E perché è Draghi il futuro dell’Italia? Perche Mattarella, con durezza inusitata, e con lo sguardo di Colui che si era stancato di quelle che si sono rivelate le “chiacchiere” trinariciute di Pd,5 stelle, Leu era già dell’idea, poi divenuta reale, di chiudere quel teatrino imbastito dai peones dell’avvocato Conte.
E lo ha fatto, implicitamente, riconoscendo che Renzi, il leader del due per cento che conta, aveva ragione. Si era stancato l’ex presidente di non avere avuto risposte, di essere preso in giro sui problemi posti. E cioè: la disponibilità sul Mes, sul Reddito di cittadinanza, sui vaccini, sulla riforma della giustizia, sulla scuola, tanto per fare qualche esempio.

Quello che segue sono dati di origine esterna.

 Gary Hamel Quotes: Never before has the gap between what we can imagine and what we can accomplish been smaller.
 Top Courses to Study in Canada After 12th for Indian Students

Problemi posti quando Renzi aveva decretato la rottura,e poi ripresi dal presidente Mattarella, dopo la rinuncia di Fico, poco prima di convocare Mario Draghi al Quirinale, per conferirgli l’incarico.
“L’avvocato ha giocato male – ha detto il senatore di Rignano- perché si vede che non è un politico. Perché mi hanno detto no su tutto? Adesso aspetto che Mattarella dia l’incarico a Draghi”.
Glielo aveva evidentemente proposto ed aveva convinto il presidente della Repubblica della bontà della scelta e, come si è visto, dell’apprezzamento del mondo.
Una cosa che non si comprende a fondo è il perché i sondaggisti diano solo lo zero virgola in più a Renzi mentre di Maio viene sempre considerato il leader del partito di maggioranza relativa. Renzi viene giudicato sui voti del futuro, Di Maio sui voti del passato.
Scartata, a questo punto l’ipotesi del voto, l’attesa è rivolta al governo di alto profilo chiesto da Mattarella a Draghi. Un uomo: si è finanche commosso quando ha accettato l’incarico. Solo allora ha parlato, pur potendolo fare quando sovente veniva tirato ballo. Avrebbe potuto farlo, ma non sarebbe stato l’uomo davanti al quale si sono inchinati Obama e la Merkel, non due consiglieri di Volturara e si inchineranno i cittadini e i politici italiani.
L’accusa a Renzi di aver fatto saltare il banco da chi viene se non da coloro i quali dovranno, a giusta ragione, stare con la coda tra le gambe, ma non per partito preso, se non per l’evidenza delle cose. In attesa che in tanti tirino le conseguenze, Zingaretti per primo, grazie a Renzi, avremo Draghi, l’uomo che ha salvato l’euro, alla guida del Paese da ricostruire, l’uomo che si commuove e fa venire il batticuore.